Title : High throughput optimization of cell-specific lipid nanoparticles through learning to rank
Abstract:
Lipid nanoparticles (LNPs) have gained traction in recent years due to their use in the COVID-19 vaccine. They are able to deliver nucleic acids, enabling cells to transiently acquire novel therapeutic functions. Yet, one persistent problem remains: the inability to achieve cell-type specificity. Most LNPs exhibit off-target transfection, with significant accumulation in the liver – limiting their application in precision medicine. To address this, we developed a high-throughput computational pipeline that explores the vast compositional space of LNPs to identify cell-specific formulations.
Methodology: We leverage a Learning to Rank (LTR) machine learning framework. Unlike traditional regression models that predict absolute transfection – values that often fluctuate significantly between experimental runs – LTR predicts the relative performance of LNPs. While absolute transfection may vary, the performance hierarchy of different LNP formulations remains consistent across experiments. Input features for the model included formulation compositional parameters and UniMol molecular embeddings to capture the structural and spatial properties of helper and ionizable lipids varied throughout the study. Our initial dataset, created with high-throughput screening, included novel ionizable lipid chemistries. The ranking logic was then implemented alongside the Non-dominated Sorting Genetic Algorithm II (NSGA-II). This allows for multi-objective optimization, where the model is used to maximize transfection in a target cell type whileminimizing off-target transfection in another.

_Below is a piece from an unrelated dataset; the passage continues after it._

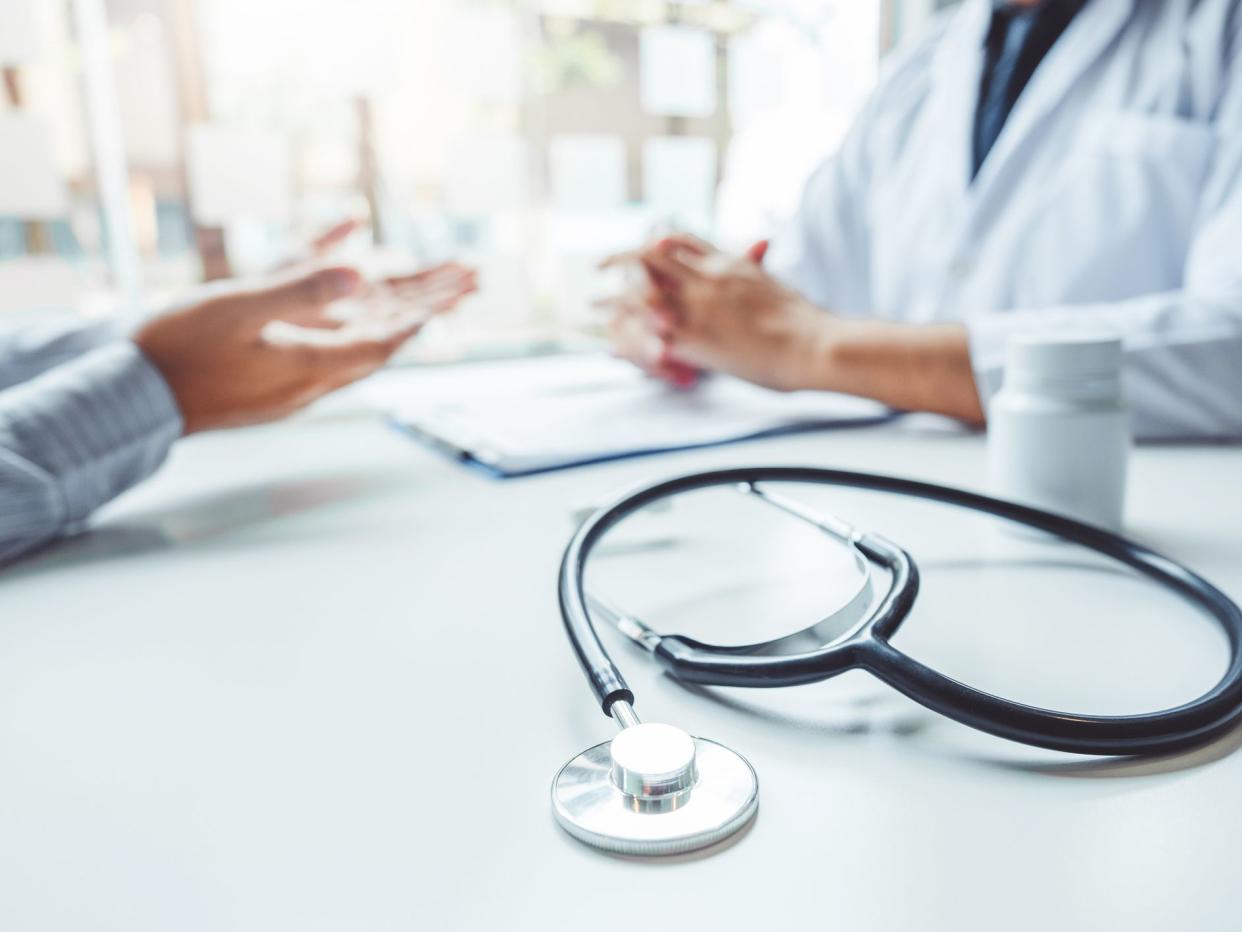 Doctors and patients consulting and diagnostic examining sit and talk. At the table near the window in the hospital medicine concept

Results: The model demonstrated high predictive accuracy, achieving a validation Normalized Discounted Cumulative Gain (NDCG) of 0.84 and a test NDCG of 0.87. Both the validation and test sets consisted of held-out ionizable lipid structures. Thus, the high performance suggests the model generalizes to novel chemistries. In addition, SHAP (SHapley Additive exPlanations) analysis identified compositional parameters and specific features within the molecular embeddings that drive model predictions. These SHAP values were then used to generate t-SNE plots, allowing for the identification of helper and ionizable lipid pairs that form high-transfection clusters. Furthermore, the NSGA-II algorithm successfully generated a Pareto front of LNPs capable of potent transfection in B16 melanoma cells while avoiding Jurkat T-cells.

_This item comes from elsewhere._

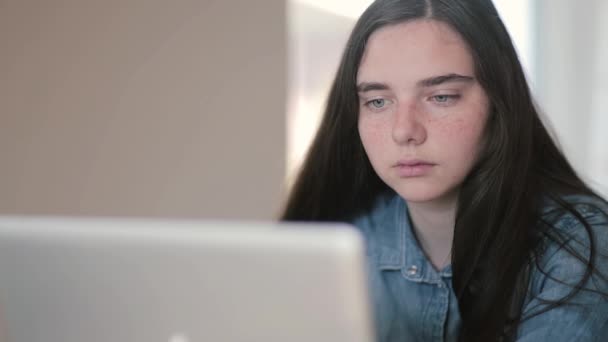 Close-up portrait of teenage girls using a laptop sitting at table at home - Imágenes, Vídeo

Future Directions: Ongoing work focuses on improving this pipeline by introducing a custom loss function in the LTR architecture to increase ranking accuracy. We’re also working to increase interpretability of the
molecular embeddings, elucidating the chemical features of helper and ionizable lipids that lead to higher transfection. This framework will be expanded to directly optimize lipid chemistries. We’ll also apply it to optimize poly-beta amino ester (PBAE) nanoparticles, fine tuning polymer-based delivery systems. Ultimately, we aim to continue developing a scalable, interpretable approach toward engineering next-generation drug delivery vehicles.